» EXERCISE OBJECTIVE: Output all of the lines below exactly, and leave out each image.

*** DATA SHOWN

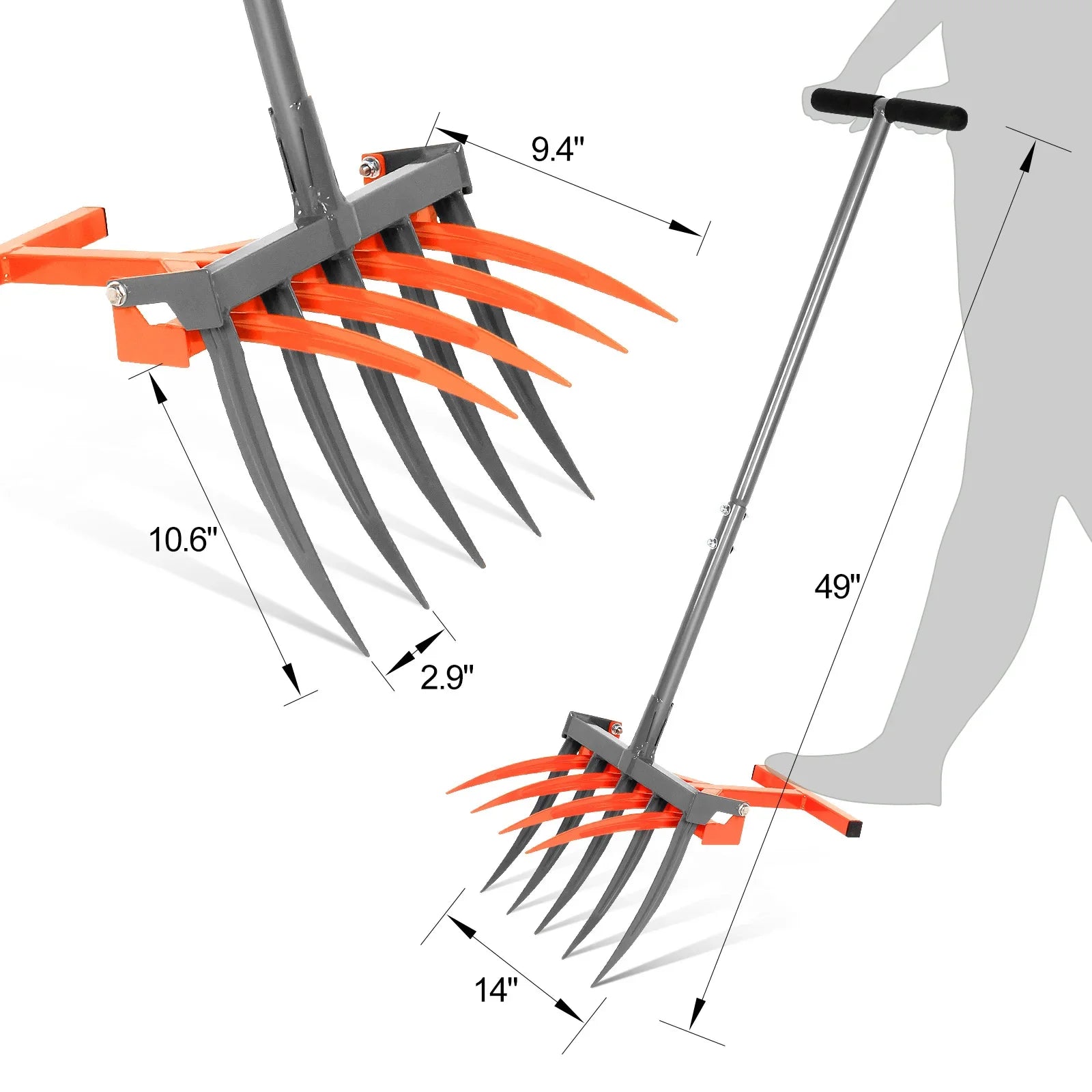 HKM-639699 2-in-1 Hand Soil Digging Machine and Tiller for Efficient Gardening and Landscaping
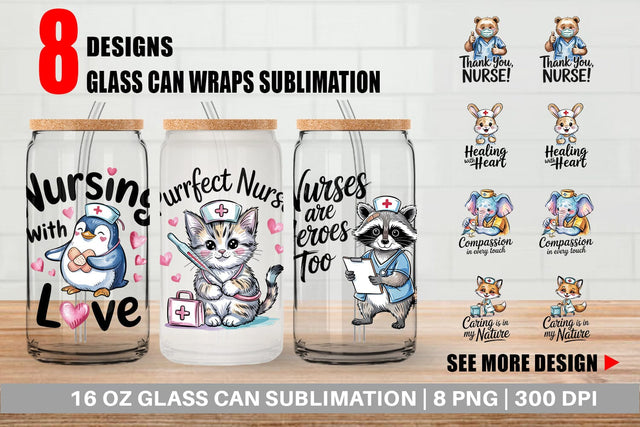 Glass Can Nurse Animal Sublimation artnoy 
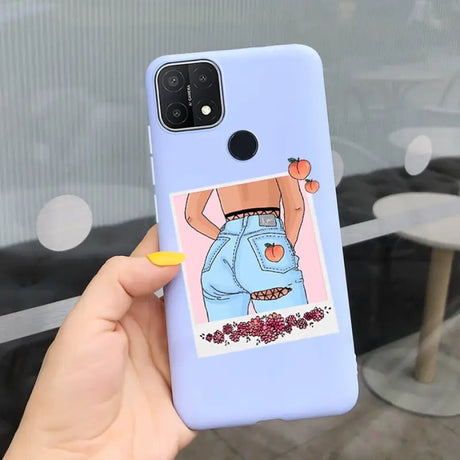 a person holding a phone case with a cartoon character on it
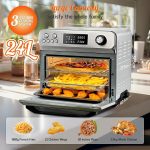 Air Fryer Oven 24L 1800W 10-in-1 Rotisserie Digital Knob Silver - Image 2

******

» EXPECTED OUTPUT:
 HKM-639699 2-in-1 Hand Soil Digging Machine and Tiller for Efficient Gardening and Landscaping
 Glass Can Nurse Animal Sublimation artnoy 
 a person holding a phone case with a cartoon character on it
 Air Fryer Oven 24L 1800W 10-in-1 Rotisserie Digital Knob Silver - Image 2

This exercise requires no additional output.